My 2.5-minute music video incorporates time-lapse and still images of the fine display of Northern Lights seen from Alberta – indeed from most of northern and western North America – on the night of September 27/28, 2017.
It is rendered in 4K resolution.
The video uses time-lapse clips shot looking north, straight up to the zenith, and south. The exposures are mostly about 2 seconds at ISO 6400, with an interval of 1 second, to freeze the fast motion as much as possible.
The zenith and south displays were post-sub-storm flickering or flaming type auroras, with patches of sky pulsing off and on so rapidly only real-time video could accurately capture the scene. However, the fast cadence time-lapses do portray much of the effect of large patches of the sky turning on and off.
The still-image panorama I zoom out to is a 360° scene of the infamous “Steve” arc, an isolated arc that often appears equator-ward of the main auroral oval and usually only when the main oval activity has subsided.
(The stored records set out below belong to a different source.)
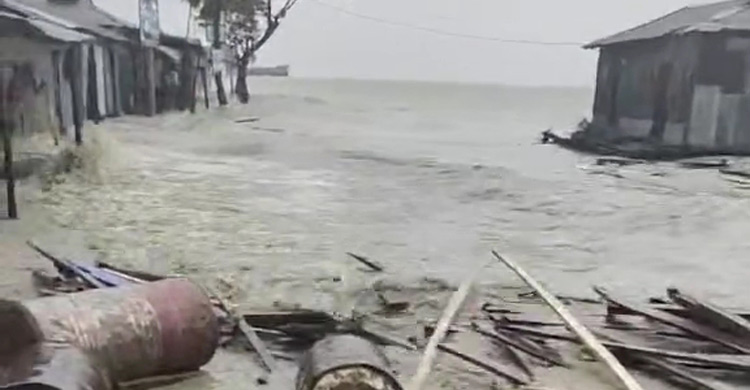 আশ্রয় কেন্দ্র থেকে বাড়ি ফেরার পথে পানিতে পড়ে শিশুর মৃত্যু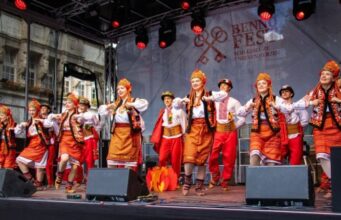 Танцювальний ансамбль «Із перцем»: підтримка української культури в Німеччині «Це-підтримка-своїх-за-кордоном»:-як-український-ансамбль-об’єднав-дітей-біженців-у-Мюнхені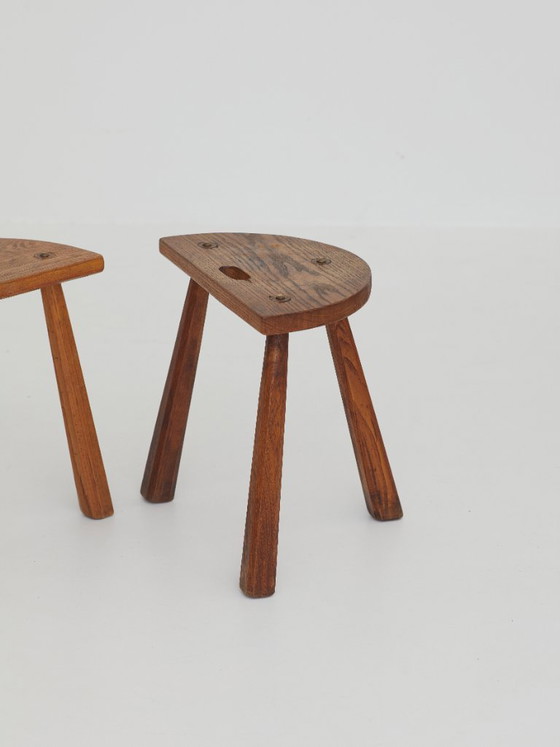 Image 1 of 2 vintage massief houten halfronde driepootkrukjes, circa 1950
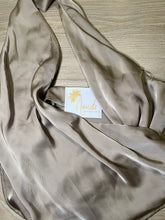 Load image into Gallery viewer, Vento Halter Tie Crop Top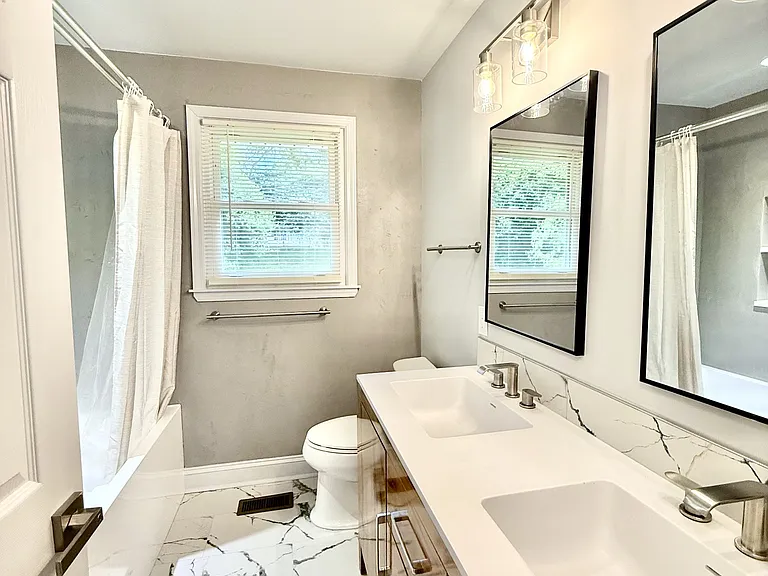 207 Blue Ridge Dr — Photo 16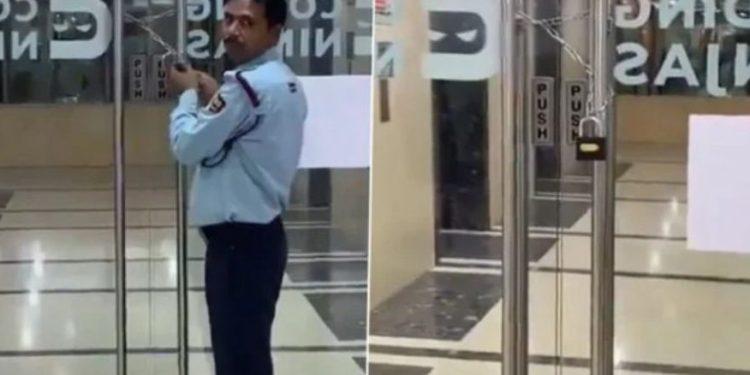 Ινδία: Εταιρεία κλείδωσε τους εργαζομένους της για να… δουλέψουν περισσότερο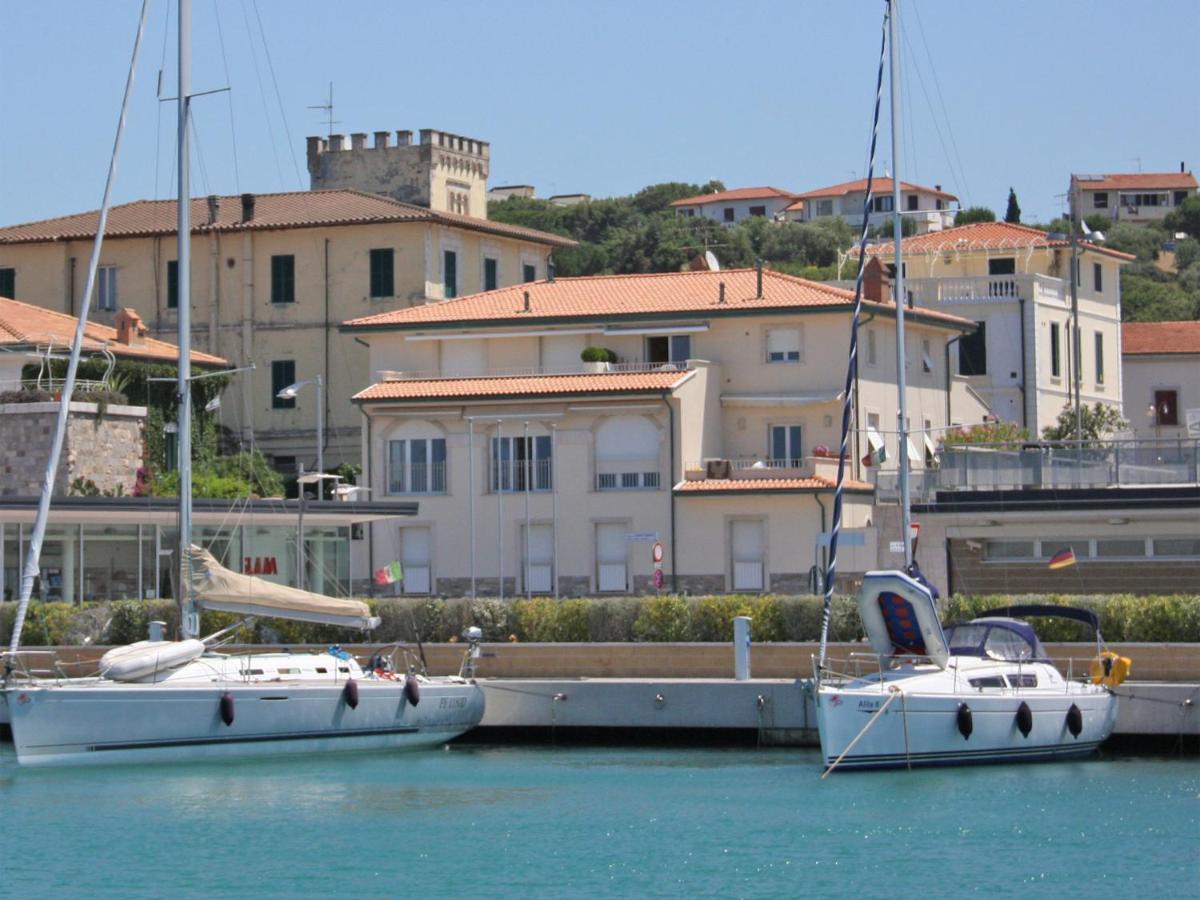 Residence Villa Livia San Vincenzo Buitenkant foto
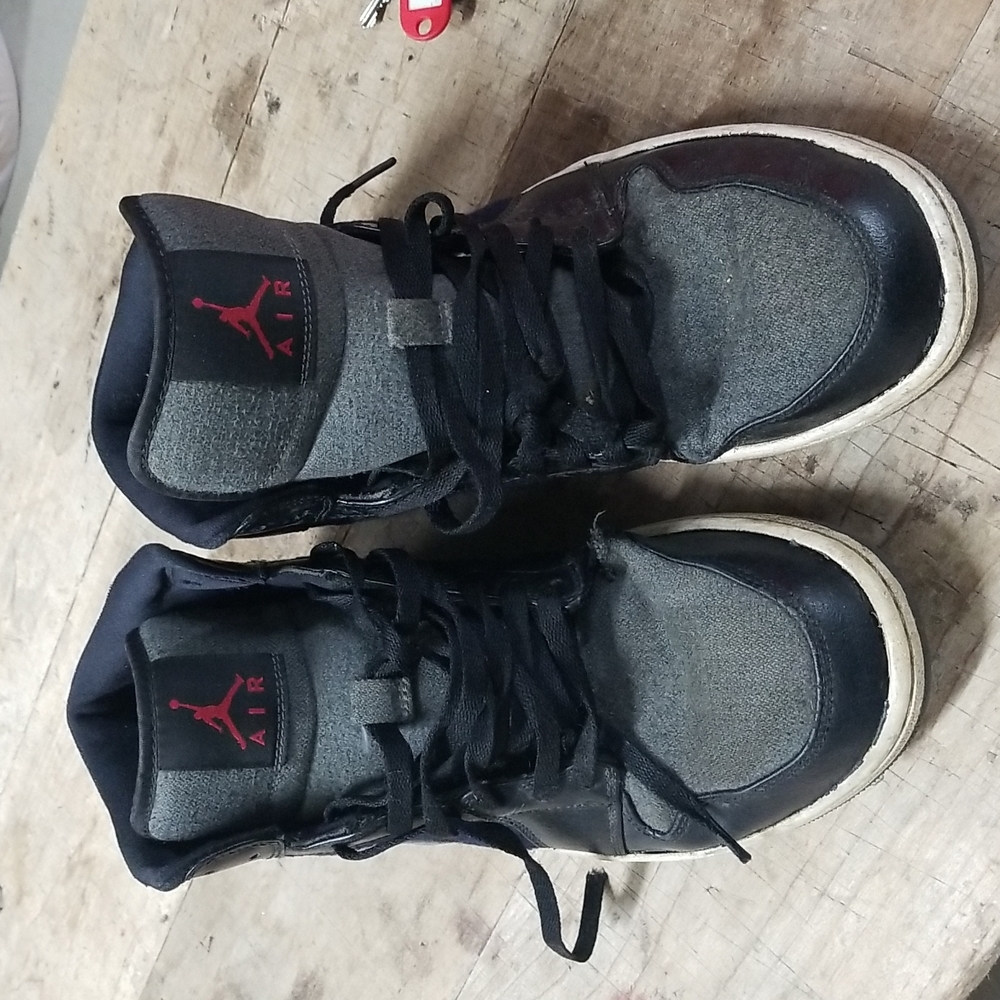 Men's 13 Nike air jordans black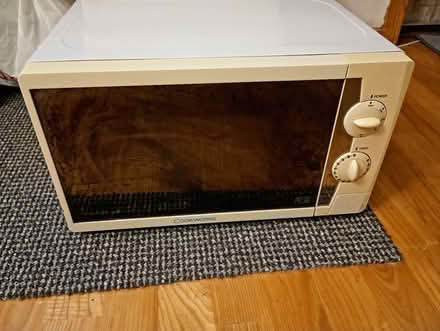 Photo of free Microwave (Willesborough) #1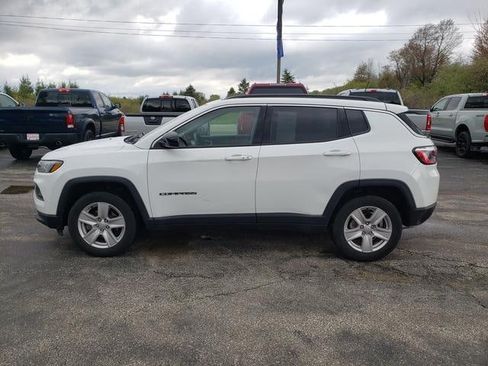 Used 2022 Jeep Compass Latitude w/ Convenience Group AWD/4WD image 4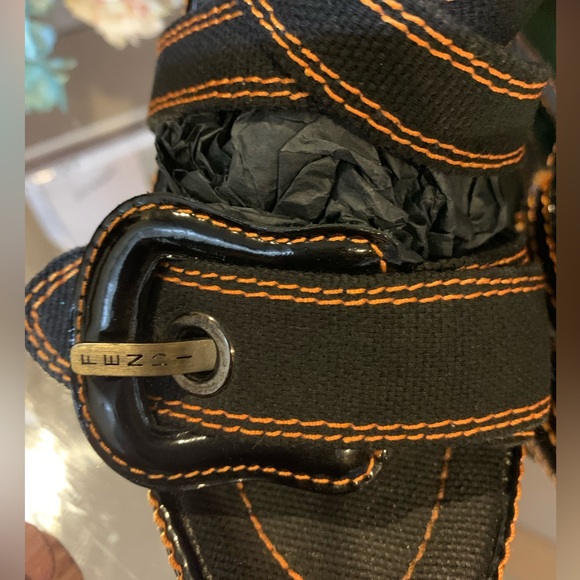 EUC❤️‍🔥FENDI canvas espadrilles. - Picture 3 of 12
This night the Steve arc appeared for only about 20 minutes before he faded and the main display picked up again, moving overhead.
The order in which I show the clips is the order in which I shot them.
All were shot from home in southern Alberta, with a Nikon D750 camera and Sigma 14mm Art lens at f/1.8 for most images.
Processing was with Adobe Camera Raw and LRTimelapse, an essential tool in this case to handle the changes in brightness of the aurora in the first sequence.